• _ABOUT THIS TASK_
Pictures excluded, output the lines of the data below between the one holding "Keyhole Back Tropical" and the one holding "Loro Piana o1w1db10226", inclusive, exactly as they stand.

• _SUPPLIED DATA_
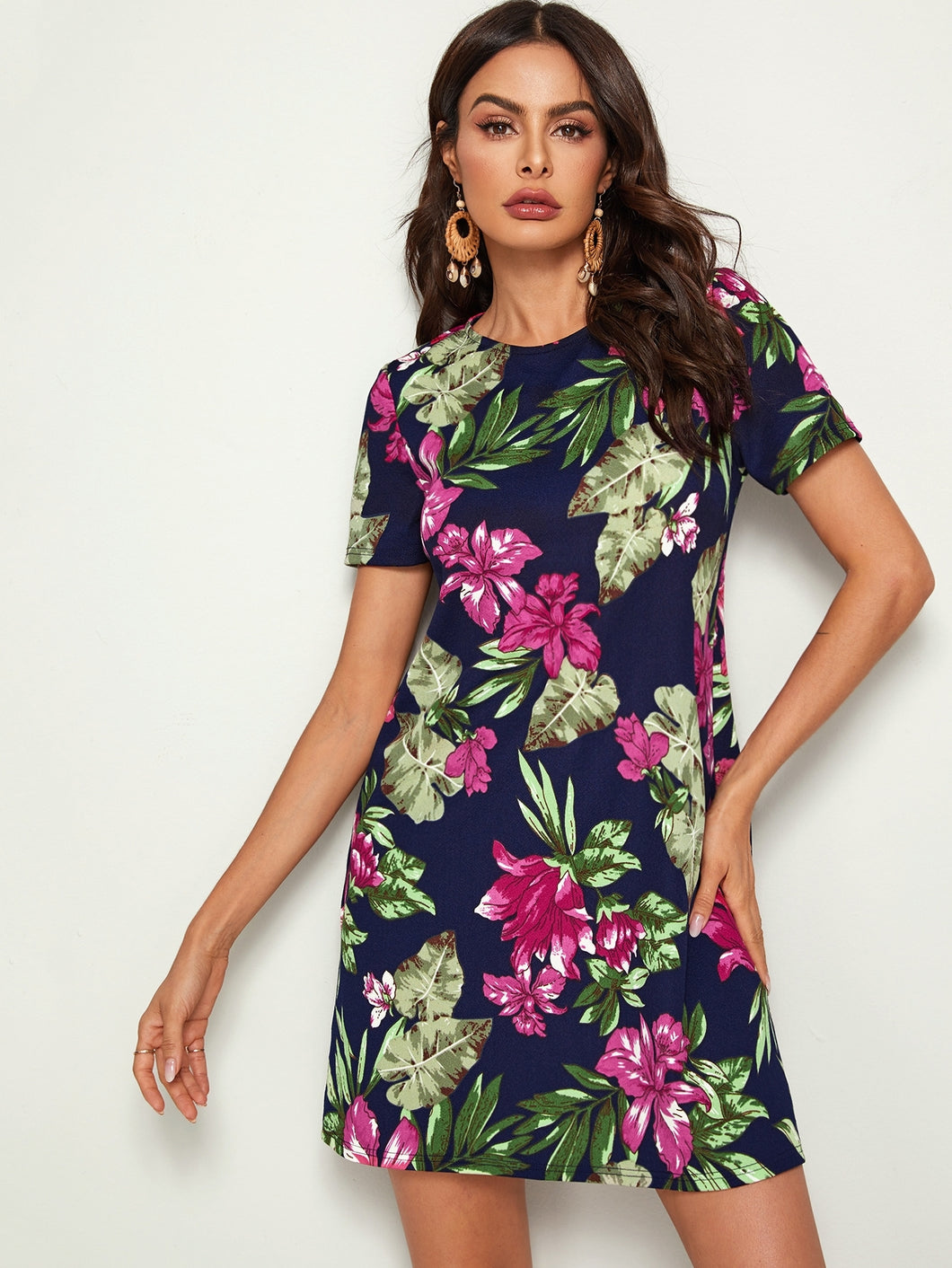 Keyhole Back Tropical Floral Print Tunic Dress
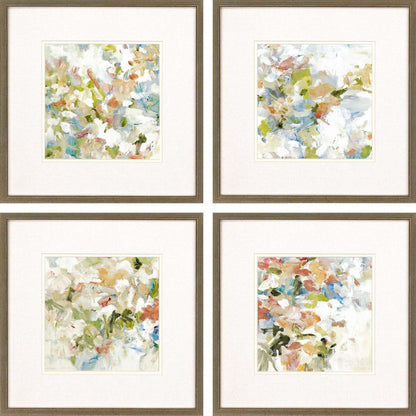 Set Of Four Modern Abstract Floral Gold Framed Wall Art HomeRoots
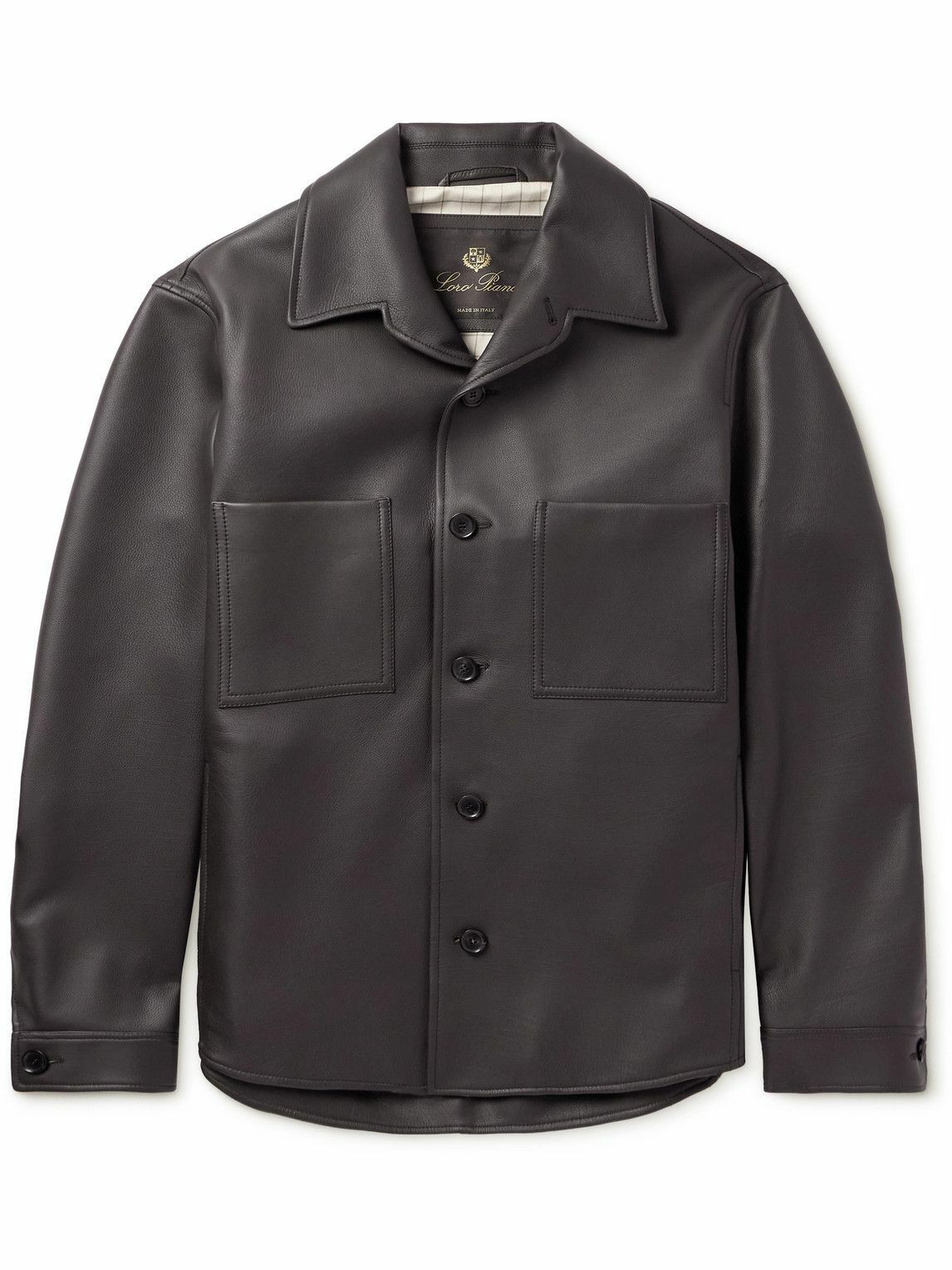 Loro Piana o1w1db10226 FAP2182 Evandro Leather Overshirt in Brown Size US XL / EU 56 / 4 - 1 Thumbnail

...

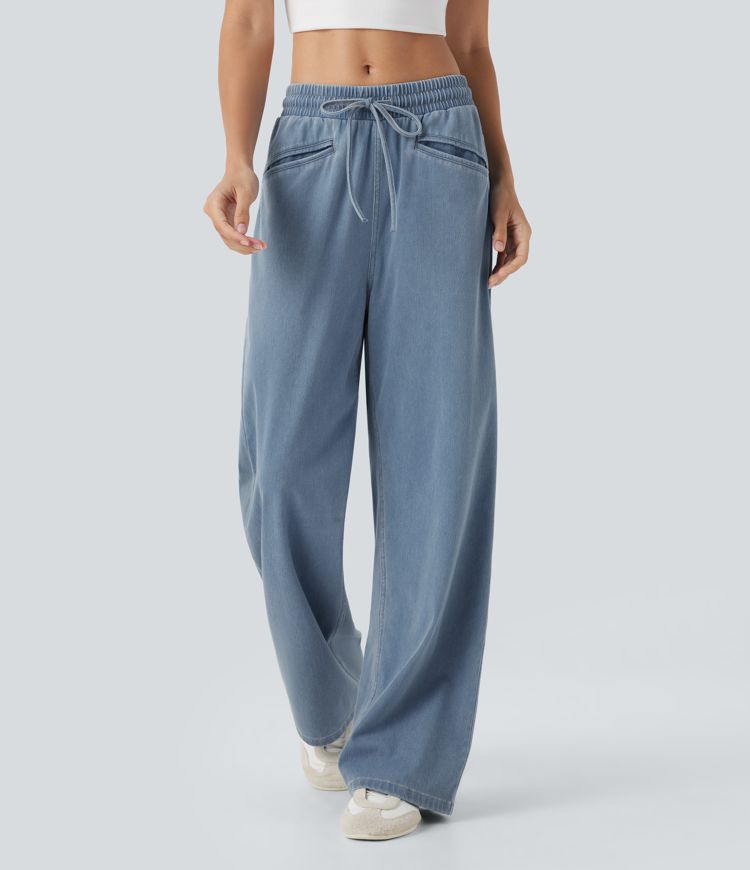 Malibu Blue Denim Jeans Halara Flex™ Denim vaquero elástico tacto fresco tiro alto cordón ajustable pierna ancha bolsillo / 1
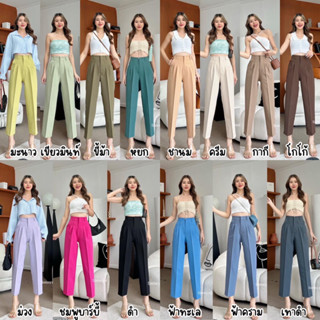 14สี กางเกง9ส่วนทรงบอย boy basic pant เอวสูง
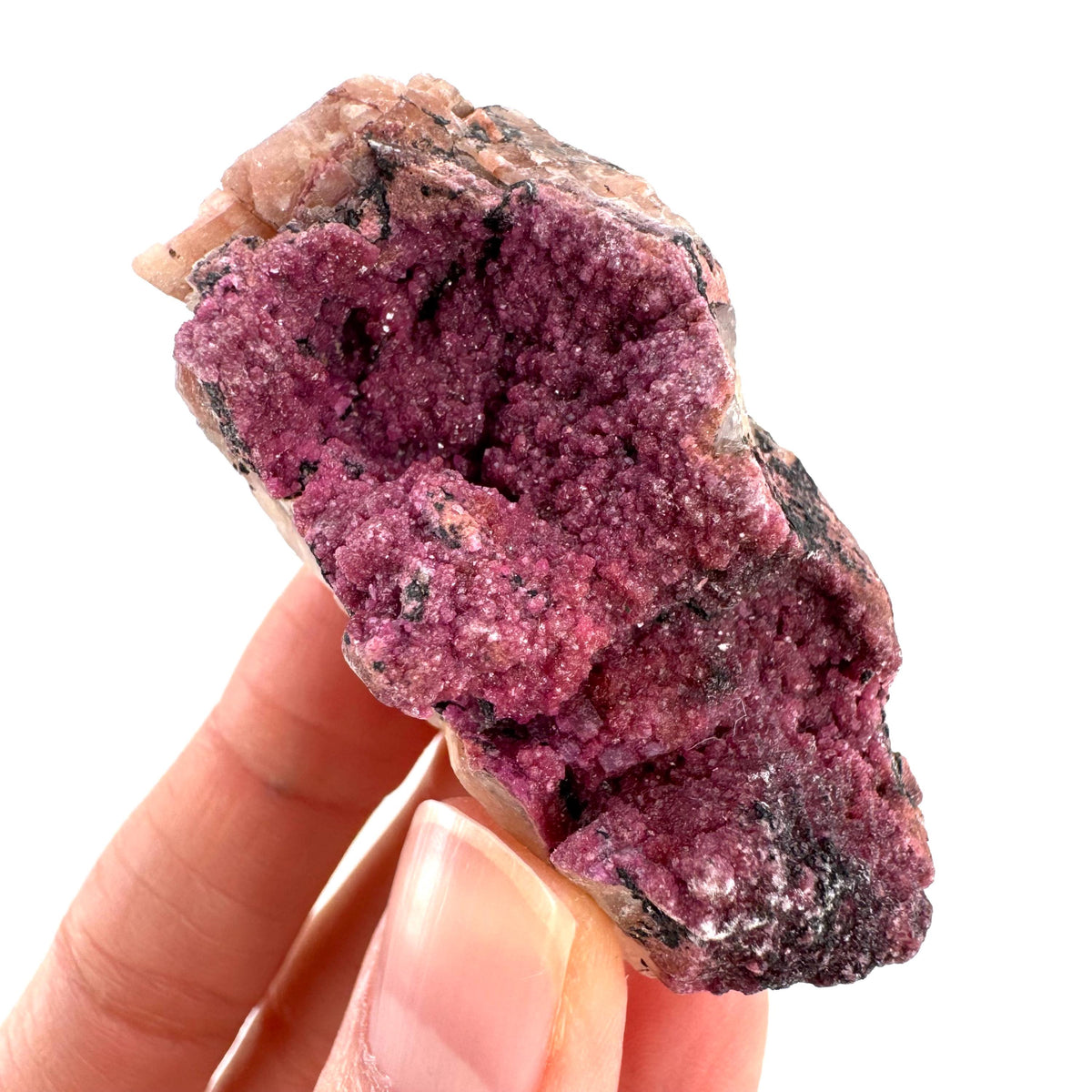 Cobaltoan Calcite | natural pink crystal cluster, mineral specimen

• _EXERCISE RESPONSE_
 Keyhole Back Tropical Floral Print Tunic Dress
 Set Of Four Modern Abstract Floral Gold Framed Wall Art HomeRoots
 Loro Piana o1w1db10226 FAP2182 Evandro Leather Overshirt in Brown Size US XL / EU 56 / 4 - 1 Thumbnail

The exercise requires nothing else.